Waste heat from electricity generation recycled...to power air-conditioners

An Absorption Chiller and Thermal Storage System that converts waste heat to energy used for powering air-conditioners at A*Star's Experimental Power Grid Centre on Jurong Island. -- ST PHOTO: DESMOND LIM
An Absorption Chiller and Thermal Storage System that converts waste heat to energy used for powering air-conditioners at A*Star's Experimental Power Grid Centre on Jurong Island. -- ST PHOTO: DESMOND LIM

SINGAPORE - Heat is often an unwanted byproduct in the process of electricity generation. But scientists here have found a way to turn it into something useful.

Instead of letting the heat escape into the atmosphere, it is now being channelled to power the air-conditioning system in the Agency for Science, Technology and Research's (A*Star) Experimental Power Grid Centre on Jurong Island.

This system, known as the Combined Heat and Power plant, was on Tuesday morning commissioned by the centre, Hitachi and the Building and Construction Authority.

It was jointly developed by A*Star's Experimental Power Grid Centre and Hitachi, and funded by the A*Star-Ministry of National Development Green Building Joint Grant call.

This technology is now still in a pilot phase but is expected to be rolled out commercially within the next two years.

If adopted by other buildings to power their air-conditioning, the system will help increase their energy efficiency.

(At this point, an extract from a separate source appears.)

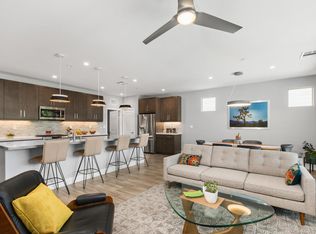 50825 Harps Canyon Dr, Indio, CA 92201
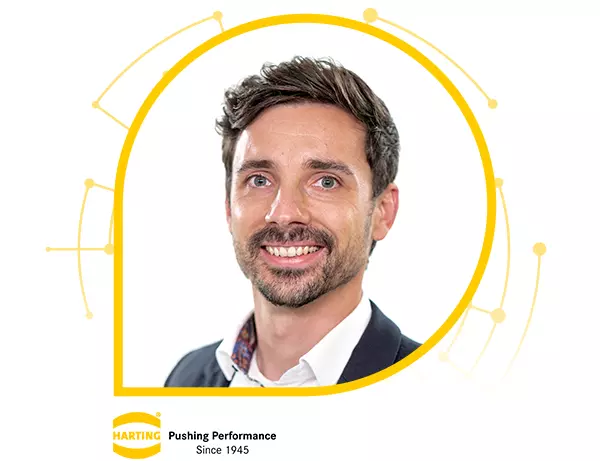 Industrial Ethernet Week 5 Day 1 - 7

It is estimated that in each commercial building, air conditioning comprises up to half of total energy used.

But this can be cut through the adoption of the Combined Heat and Power plant, as it reduces the amount of electricity drawn from the grid to power the air-conditioners.

Associate Professor Ashwin M Khambadkone, programme director of A*Star's Experimental Power Grid Centre, said: "With the commissioning of the advanced Combined Heat and Power plant, (the centre) is able to provide a platform to further research in energy efficiency in buildings.

"Our research in this field addresses the Government's call for more environmentally-friendly, energy-efficient buildings and the penetration of renewable energy."